The oldest symbol associated with hippies is the peace sign. Even today, the peace sign is widely associated with the peace movement, human rights, and with hippies. It's one of those few signs that has retained its original symbolism. The Peace sign was used for the first time at anti-nuclear demonstrations in England. It was created in 1958 by Gerald Holtom for the Campaign for Nuclear Disarmament (CND) in England, and quickly caught on among peace activists and hippies.


Peace sign

Few are aware that only about 2% of American youth participated in the hippie movement and that it wasn't such a mass movement before the Woodstock 1969 festival. I never chose to become a hippy. I was called a hippy by others, and got my hippy name "The Polish Hippy" from a Belgium friend in school. I became most widely recognized as a hippy after I was taken to a nearby barbershop by the school Principle/ Director and given a hair cut. My hippie name stayed with me until the end of the 1960s, and hardly anyone called me by any other name. In 1968, I even managed to write two articles about hippies for the school press.

Since then, other hippies have adopted that name on both continents; especially if they were of Polish ancestry. It's a unique name in that it refers to a specific nationality. The name spread through some 1960s media productions for some time; until that name was later removed in response to protests from the Polish Embassy in Washington, who took it as another insult.

I like to call those early days of hippies "the pure days". I was a Beatles fan, a fan of American folk music, Blues music, Allen Ginsberg, Beat writers and abstract avant-garde art, among other things. I suppose many Beatles fans began like I did, after the Beatles first appearance on the Ed Sullivan Show in 1964, and by following the other British bands that invaded America. The British music played by the Beatles, Rolling Stones, Animals, Led Zeppelin and many other bands was largely a transformation of Afro-American music.

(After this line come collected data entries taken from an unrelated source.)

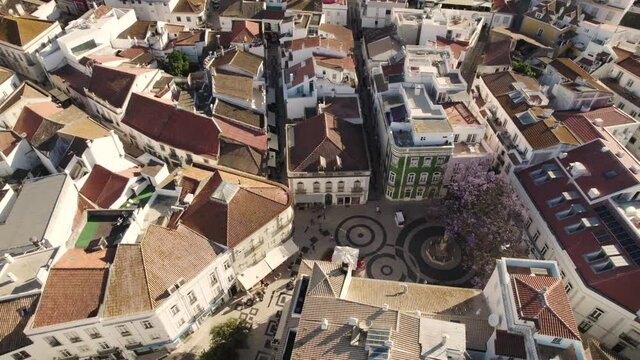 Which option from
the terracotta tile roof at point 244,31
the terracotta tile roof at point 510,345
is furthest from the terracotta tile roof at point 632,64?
the terracotta tile roof at point 244,31

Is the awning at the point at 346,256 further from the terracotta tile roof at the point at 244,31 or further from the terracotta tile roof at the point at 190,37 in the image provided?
the terracotta tile roof at the point at 190,37

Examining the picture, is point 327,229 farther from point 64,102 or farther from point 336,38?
point 64,102

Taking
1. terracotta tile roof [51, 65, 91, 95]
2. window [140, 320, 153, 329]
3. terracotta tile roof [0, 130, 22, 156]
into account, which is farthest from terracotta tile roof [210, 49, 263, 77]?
window [140, 320, 153, 329]

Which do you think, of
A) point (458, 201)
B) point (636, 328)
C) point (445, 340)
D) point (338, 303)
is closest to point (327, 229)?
point (458, 201)

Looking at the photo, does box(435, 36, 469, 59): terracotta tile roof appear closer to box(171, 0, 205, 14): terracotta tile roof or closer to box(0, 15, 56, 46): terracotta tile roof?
box(171, 0, 205, 14): terracotta tile roof

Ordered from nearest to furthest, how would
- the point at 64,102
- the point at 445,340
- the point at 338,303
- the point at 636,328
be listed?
the point at 445,340, the point at 338,303, the point at 636,328, the point at 64,102

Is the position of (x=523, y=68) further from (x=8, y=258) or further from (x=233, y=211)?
(x=8, y=258)

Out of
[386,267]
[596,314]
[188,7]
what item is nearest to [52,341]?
[386,267] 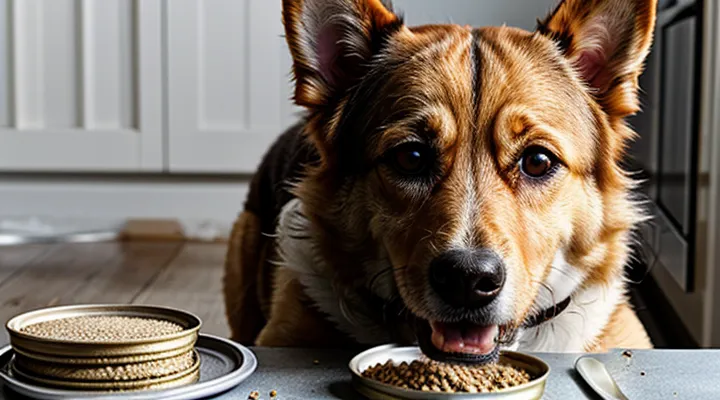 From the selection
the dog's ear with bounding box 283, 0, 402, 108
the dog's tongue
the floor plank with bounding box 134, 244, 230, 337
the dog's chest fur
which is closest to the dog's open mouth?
the dog's tongue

Those British artists also brought new fashions to America.

The main fashion that distinguished boys, who were Beatles fans was long hair styles and high heel boots, which replaces our traditional Converse sneakers, moccasins and loafers for a while. The artists from Great Britain looked like spoiled boys from good British homes. So in the beginning, it was a bit snobbish to imitate them. The new fashions from London were called Mod Fashions. They were lush, colorful, abstract and stood out in contrast to the toned down and conservative fashions of those days. And it wasn't until the 1960s that the bikini, and so called Swedish movies caught on in America, which became symbols of the sexual revolution.

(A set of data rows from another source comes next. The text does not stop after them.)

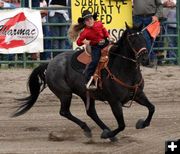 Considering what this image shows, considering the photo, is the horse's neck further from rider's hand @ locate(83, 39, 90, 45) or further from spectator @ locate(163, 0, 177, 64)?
spectator @ locate(163, 0, 177, 64)

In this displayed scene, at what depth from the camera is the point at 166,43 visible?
16703 millimetres

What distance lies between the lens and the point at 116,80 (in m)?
9.84

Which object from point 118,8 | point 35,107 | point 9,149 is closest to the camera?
point 9,149

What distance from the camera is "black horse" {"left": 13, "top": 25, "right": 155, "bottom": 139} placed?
9.59 meters

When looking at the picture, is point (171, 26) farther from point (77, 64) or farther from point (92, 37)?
point (92, 37)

Mod fashions from London gave rise to a more budget friendly and casual hippie styles called the hippie look. Towards the end of the 1960s, Bell-bottoms were introduced in California by a fashion designer. Today, they are widely associated with hippies and 1970s Disco culture.

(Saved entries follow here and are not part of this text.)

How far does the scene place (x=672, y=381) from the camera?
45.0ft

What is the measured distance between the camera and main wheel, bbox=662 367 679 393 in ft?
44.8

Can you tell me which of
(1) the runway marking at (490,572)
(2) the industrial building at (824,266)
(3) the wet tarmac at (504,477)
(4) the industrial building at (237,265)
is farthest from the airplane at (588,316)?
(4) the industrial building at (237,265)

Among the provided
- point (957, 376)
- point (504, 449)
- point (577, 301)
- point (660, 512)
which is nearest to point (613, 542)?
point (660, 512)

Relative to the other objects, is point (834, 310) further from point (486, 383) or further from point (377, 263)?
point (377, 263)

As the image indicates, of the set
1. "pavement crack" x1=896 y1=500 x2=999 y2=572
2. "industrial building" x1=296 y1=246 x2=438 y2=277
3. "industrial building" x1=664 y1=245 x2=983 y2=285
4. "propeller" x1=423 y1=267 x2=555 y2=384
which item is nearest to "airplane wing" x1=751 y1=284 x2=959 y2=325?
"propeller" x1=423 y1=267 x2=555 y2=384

So, one thing in Britain led to another in America, and other things were added to that. Thus, a hippy was born. The hippie movement was a pacifist movement at a time when most Americans were brought up on cowboy movies, wore neatly cut short hair, crew-cuts and used lots of brilliantine (Vitalis) to keep their hair in place. Hippies were a small minority in those days. Perhaps the exotic hippie worldviews and Bohemian type lifestyle didn't appeal to most hard working Americans. When I was a kid, I remembered seeing students with longer hair, sandals, guitars and bongos on trips across Europe and America with my family; especially around university campuses. Many of those were early beatniks and hipsters that preceded hippies. Many people identified with ideas spread by anti-Vietnam War and human rights movements. The hippie movement was so strongly connected with those that it ended almost at the same time that the Vietnam War ended; though many hippies continued to remain hippies at heart.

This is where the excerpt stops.